La ratio si basa sulla presunzione di distribuzione degli utili extracontabili
La Quinta Sezione Civile della Corte di Cassazione, con la sentenza n. 6266 del 17 marzo scorso torna sul tema della responsabilità dei soci nelle società di capitali a ristretta base azionaria ove si configuri utilizzo come “mero schermo” delle società stesse. In questo contesto, osserva la pronuncia, anche il socio di secondo livello può essere chiamato a rispondere in quanto gli utili extracontabili accertati si presumono automaticamente distribuiti ai soci stessi in proporzione alle rispettive quote.
Distribuzione di utili extracontabili
La sentenza vede confermata la validità della presunzione di distribuzione ai soci degli utili non contabilizzati nelle società a ristretta base. In proposito la Cassazione si era già espressa con l’ordinanza n. 32475 del 12 dicembre scorso, stabilendo come nelle società a compagine ridotte (comprese le SRL unipersonali), in caso di accertamento, la suddetta presunzione renda il socio solidalmente responsabile per i debiti tributari societari (ex art. 36 d.P.R. 602/1973). In particolare è fatto osservare come l’onere della prova in questo caso si inverta e spetti dunque al socio dimostrare di non aver riscosso gli utili.
Le società schermo
La pronuncia n. 6266 evidenzia infine il fenomeno delle società schermo: strutture giuridiche apparentemente autonome ma di fatto usate come prolungamento dell’attività personale dei soci al fine di fruire di regimi fiscali più vantaggiosi, rinviare sine die la tassazione degli utili o semplicemente occultare ricavi personali. Detti schermi, ricorda tuttavia la Cassazione, non neutralizzando l’efficacia della presunzione, rendono comunque possibile colpire la reale capacità contributiva del beneficiario finale, sotteso al vincolo di solidarietà tra tutti i soggetti coinvolti nel debito d’imposta.

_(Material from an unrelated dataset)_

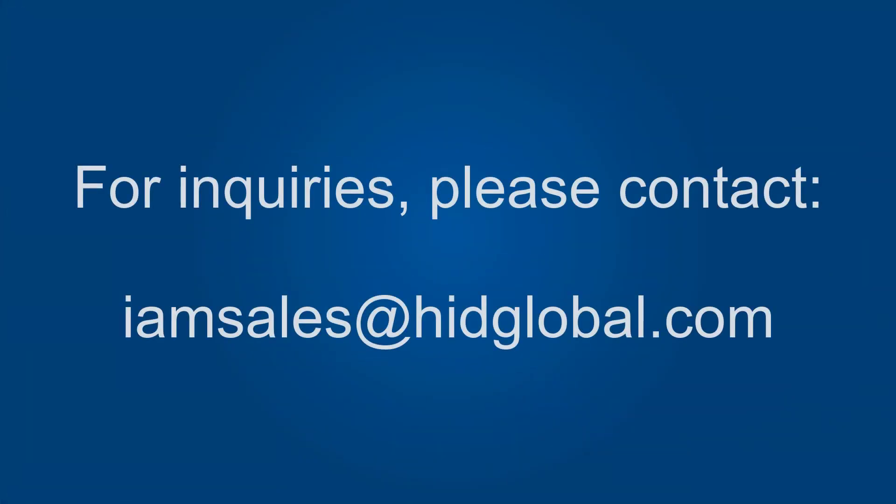Thank you for watching. If you are interested in using Digital Persona in your environment please reach out to the HID sales team.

Anche il socio di secondo livello è “a rischio”
Di particolare interesse è infine il richiamo alla responsabilità del socio di secondo livello, cioè quel soggetto (non di rado una terza società o un ente) che detiene partecipazioni nella “società figlia” a sua volta partecipata da una holding o da una capogruppo. Anche detto socio, osserva la Cassazione, in quanto “intermediario partecipativo” può essere ritenuto responsabile per i debiti tributari della società partecipata che si è estinta.